# Oct 2011 Member Monthly Giveaway Winner hossthehermit



## Jim (Oct 3, 2011)

*Please Read this before going forward:*  Monthly Giveaway Rules <---Click here!
If you do not follow the rules, You will not get the prize. Please don't make me feel bad. :LOL2:

*Rules:*
*Read the Rules above!*
*Contest Starts Today and ends on Oct 7, 2011.* 
*If you made at least 4 posts in September 2011 your'e eligible.*

Moderators & Advertisers, you can get in on these contests too.

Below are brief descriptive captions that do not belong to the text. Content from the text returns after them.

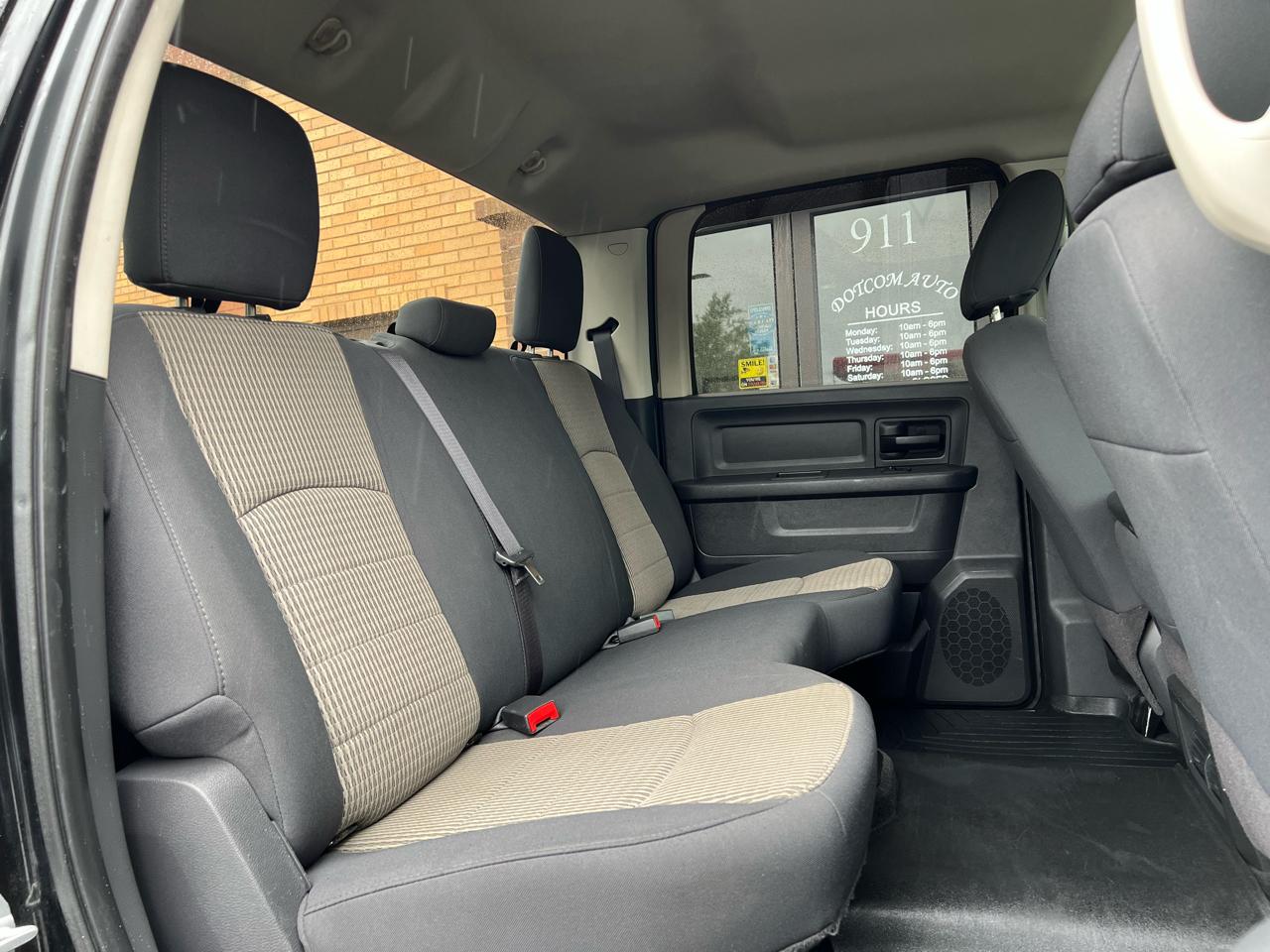 RAM 1500 ST Crew Cab 4WD 2012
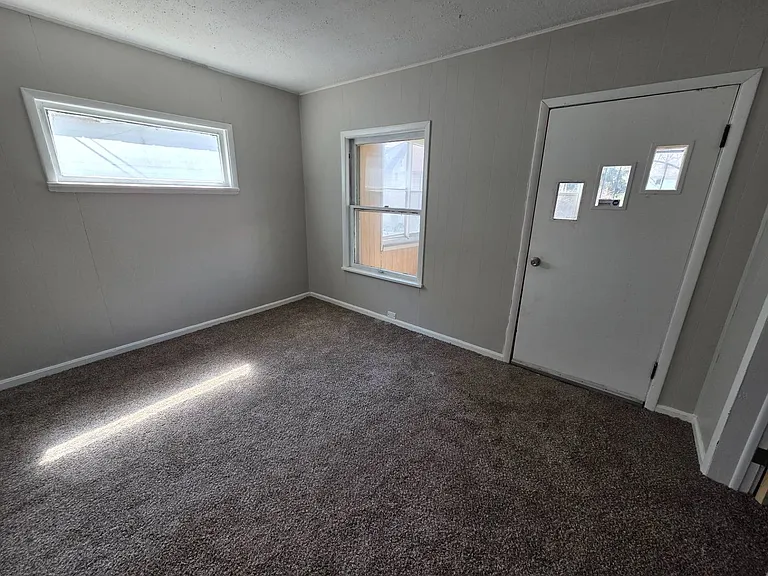 3081 E 67 ST — Photo 22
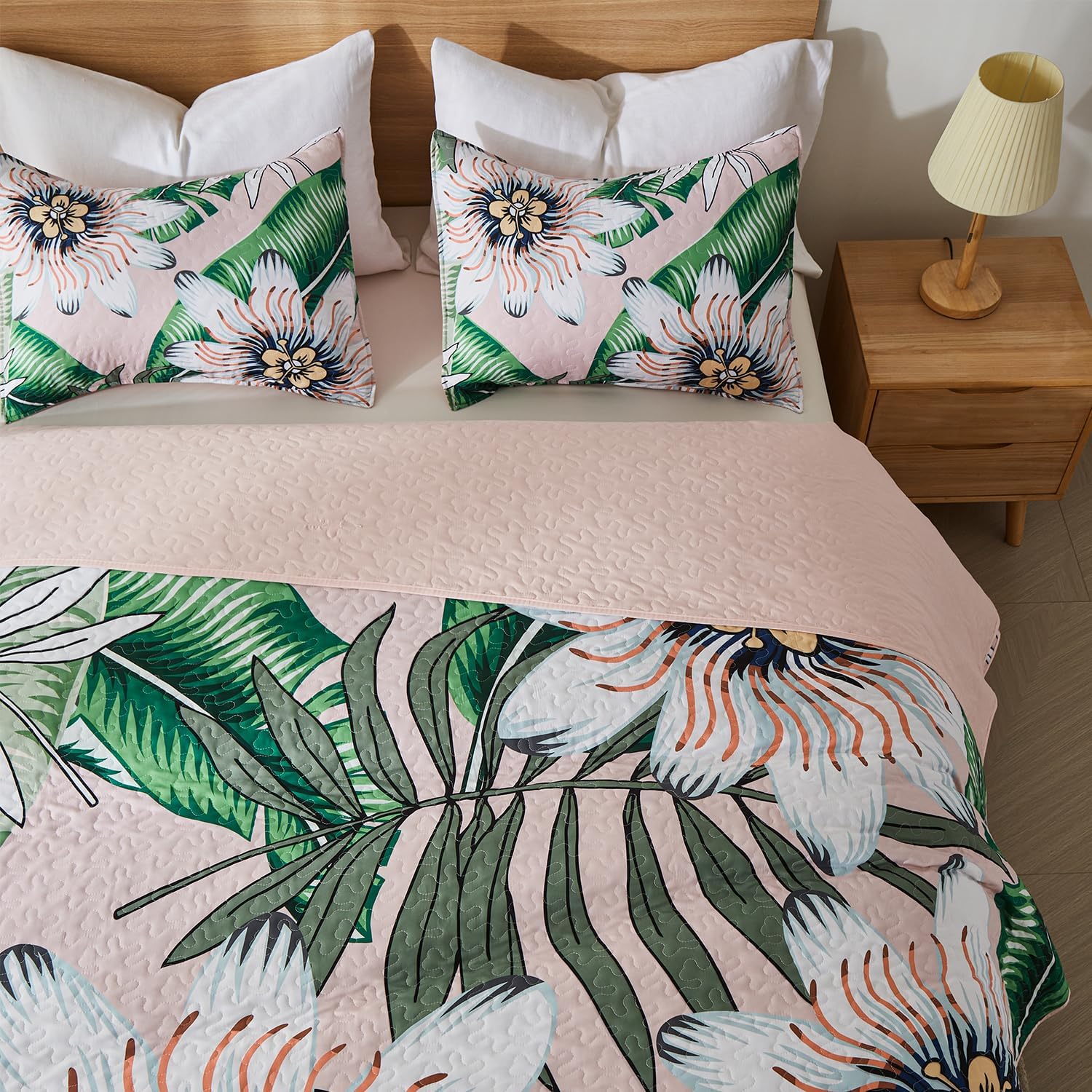 Yogeneg Queen Quilt Bedding Set With Floral Pattern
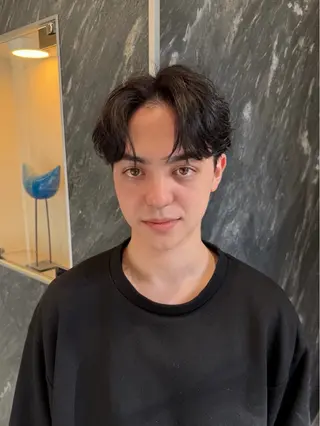 ミディアム メンズ SALOWIN 原宿 iori所属・【原宿】外国人風 パーマ毛流れメンズのヘアスタイル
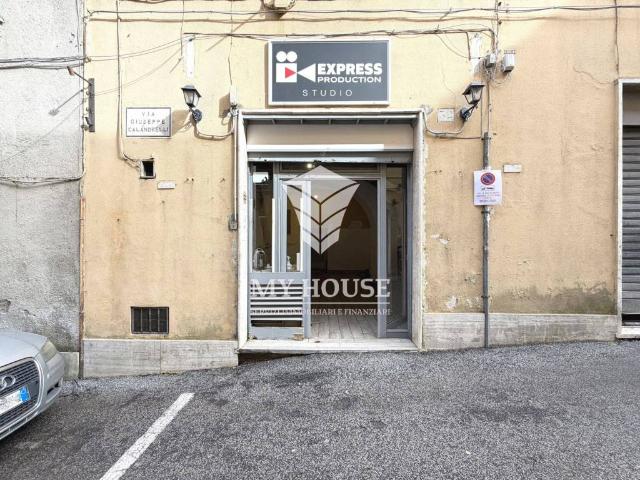 Locale Commerciale in affitto a Borgo San Martino, Roma Capitale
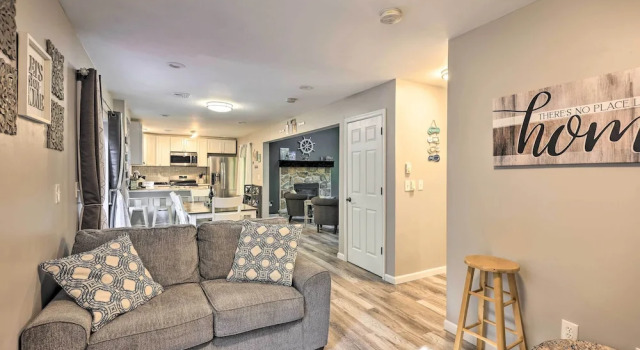 Near Tobyhanna State Park: Home w/ Hot Tub!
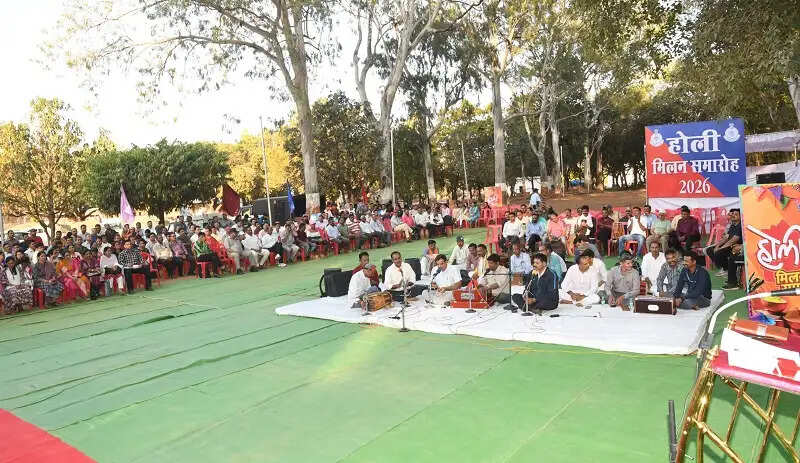 भोपालः लाल परेड ग्राउंड मैदान में होली मिलन समारोह में गूंजे फाग गीत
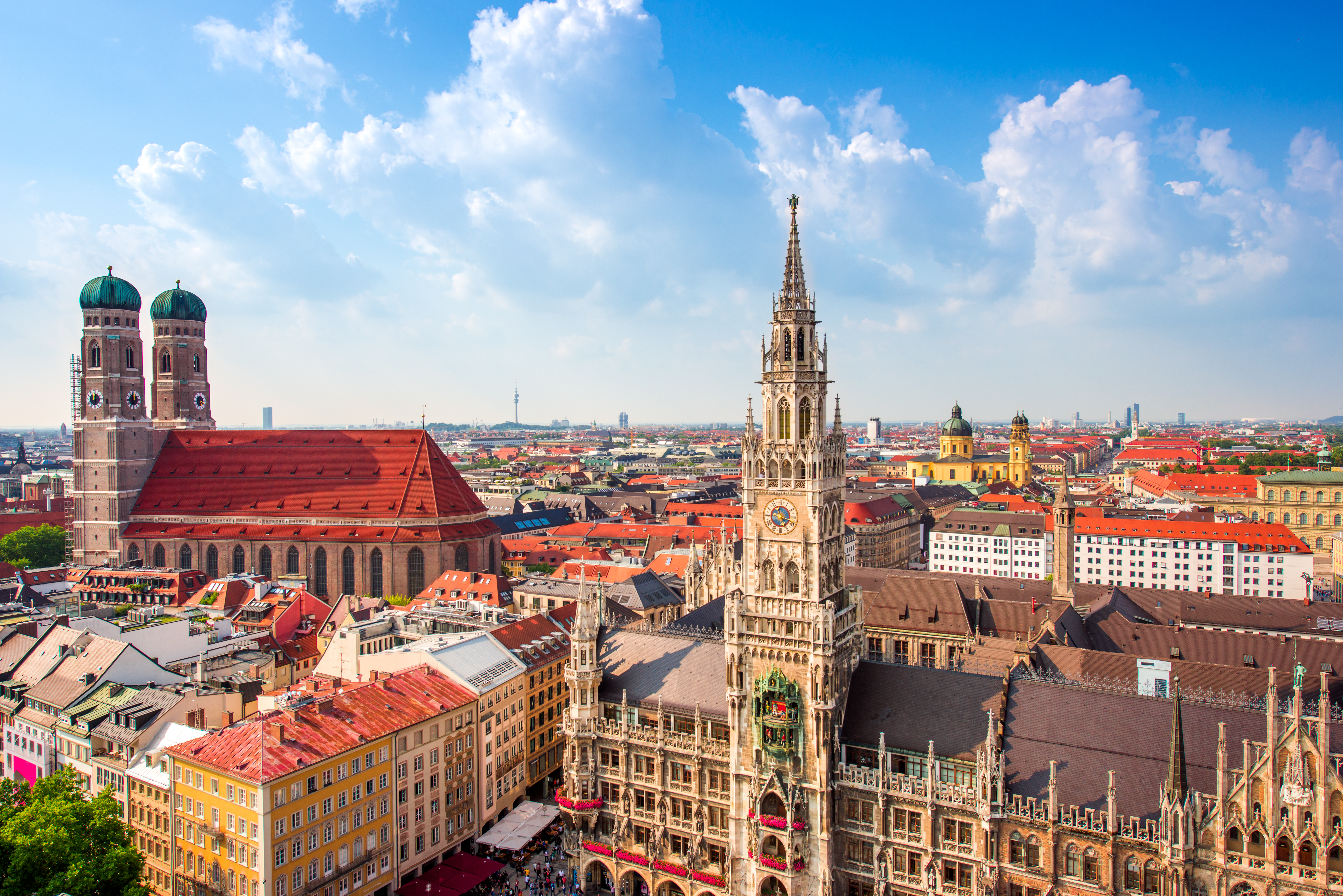 Smuk udsigt over München med det middelalderlige rådhus og Frauenkirche ved Marienplatz i det sydlige Tyskland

They are not rigged, I swear.
Winner will be chosen by Random.org https://www.random.org/
All you need to do is reply here ONCE with the word *IN* and it will go by the order you respond.

It is Frog time. This months winner is going to receive a Topwater Frog. I am 99% positive it's a River2Sea Bully Wa Frog, but I can confirm this when I get home. :LOL2: 

https://www.landbigfish.com/River2Sea/River2Sea-Bully-Wa-Frogs.cfm







Disclaimer: All things can change because


----------



## Jim (Oct 3, 2011)

I will confirm Brand and size when I get home and update the first post!


----------



## JeffChastain (Oct 3, 2011)

In.  Thanks for doing this cool kind of stuff!


----------



## lovedr79 (Oct 3, 2011)

In


----------



## Ringo Steele (Oct 3, 2011)

In...Thanks!


----------



## redbug (Oct 3, 2011)

im due 

in thanks in advance


----------



## floundahman (Oct 3, 2011)

Nothing in the rules about entering a contest if you just won one. So unless I'm disqualified,


I'm in. Thanks Jim!


----------



## hossthehermit (Oct 3, 2011)

Count me "*IN*", puleeeeeezzzzee


----------



## RatherBFishin (Oct 3, 2011)

In


----------



## crazymanme2 (Oct 3, 2011)

In [-o< :lol:


----------



## 00 mod (Oct 3, 2011)

IN


----------



## devilmutt (Oct 3, 2011)

IN


----------



## wihil (Oct 3, 2011)

In, and thanks for the opportunity!

C


----------



## bassboy1 (Oct 4, 2011)

Crap, I'm not eligible. How did I let that happen...? #-o 

Good luck everyone else!


----------



## Captain Ahab (Oct 4, 2011)

redbug said:


> im due
> 
> in thanks in advance




Let Redbug win

he needs more lures. . . . . . [-X


----------



## HOUSE (Oct 4, 2011)

IN 
*ribbit*ribbit*


----------



## Jethroe (Oct 4, 2011)

I will cherish this Jim!
Does It Talk? I'm In :roflmao:


----------



## Loggerhead Mike (Oct 4, 2011)

In, thanks!


----------



## fish devil (Oct 4, 2011)

:twisted: IN!!!!


----------



## BassBlaster (Oct 4, 2011)

IN


----------



## freetofish (Oct 4, 2011)

*IN*


----------



## cavman138 (Oct 4, 2011)

in


----------



## moloch16 (Oct 5, 2011)

In


----------



## FishingCop (Oct 5, 2011)

In


----------



## benjineer (Oct 5, 2011)

In


----------



## lswoody (Oct 5, 2011)

IN.


----------



## jdbassin2003 (Oct 6, 2011)

IN,


----------



## Jdholmes (Oct 6, 2011)

IN

I have zero lures since I moved from the east coast...froggy sounds good!


----------



## Jim (Oct 10, 2011)

Random.org picked number 6. So that makes hossthehermit this months winner!

Congrats man! =D>


----------



## Captain Ahab (Oct 10, 2011)

Jim said:


> Random.org picked number 6. So that makes hossthehermit this months winner!
> 
> Congrats man! =D>



Wait - I was number 6


Damn - always too late

Congrats Mr. Hermit


----------



## crazymanme2 (Oct 10, 2011)

Good job hossthehermit =D>


----------



## hossthehermit (Oct 10, 2011)

Hey, too cool, frogs are gettin' ready to head for the mud, bet she'll be ready to hop by spring. Thanks, great site, Ill hafta send pics when I get one on it. PM sent


----------



## FishingCop (Oct 10, 2011)

congrats =D>


----------



## lswoody (Oct 10, 2011)

Congrats Hoss!!!!!


----------



## lovedr79 (Oct 10, 2011)

Congrats!


----------